So what do you do to avoid getting someone interested in (and then pursuing) things you’d rather they not? Well, the utopian answer would be to have everyone freely discuss everything of interest to them—encouraging shy folks to come out of their shells and participate so they don’t suffer in silence—and then come up with universally-satisfying, diplomatic solutions. Or at least make sure people understand the whys and wherefores of not getting everything they want.

Obviously, not going to happen 100 percent…but it’s still probably a good idea to make efforts in that direction whenever possible. If people feel like they’re being heard, even solicited for their thoughts, it goes a long way. The opposite—a culture where opinions are not sought out at all, or even discouraged/disparaged when shared—adds insult to injury. Someone who might not have gotten interested in going their own way could be motivated to do so by a sense of “They brushed me aside? I’ll show them…they’ll be sorry when I do XYZ.”

Another approach comes to mind in light of a pup who joined my home two weeks back. Quite a different personality than our previous doggo (who, unfortunately, had developmental renal dysplasia and barely made it to age 4). The current pooch is far more energetic and brighter…thus, capable of getting into far more trouble.
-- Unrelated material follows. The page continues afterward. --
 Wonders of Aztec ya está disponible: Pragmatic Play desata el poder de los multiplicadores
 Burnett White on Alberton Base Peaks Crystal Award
In other words, lots of things get her interested: Places she shouldn’t go, things she shouldn’t get/destroy, and our poor cats who were accustomed to being mostly left alone by the previous dog. Just as with humans, we’re obviously not going to let the dog do whatever she pleases…but, we can’t exactly reason with her about why she can’t have this, do that, etc.

A big part of the solution, just as with humans, is redirection: Provide something harmless (or, ideally, productive) to get and maintain their interest. One might call it pre-direction instead of redirection, since it’s far easier to control the situation if you can prevent the unwanted interest from occurring in the first place.

For a puppy, that means things like playing with them, getting them toys that will hold their interest…even “slow feeders” that make meals take more time and effort so they can’t inhale their kibble (and, then, possibly vomit it back up a few minutes later on the living room rug). An engaged mind is less likely to find mischief than an idle one.

For a human—let’s say a radiologist—it might mean proactively giving them things to do beyond simply plugging away at a never-ending worklist. Committee seats, additional levels of responsibility, such as subspecialty chief or Quality Assurance poobah. Heck, make up a role if you can identify something that suits and would appeal to them.

Bonus: Most rads, approached with an open query about some special role they’d like to take on, will probably feel complimented. Instant morale boost and sense of engagement by the group. They might even respond by telling you what potentially-negative interest they were liable to develop, giving you a chance to put them on a related task in a far more constructive way.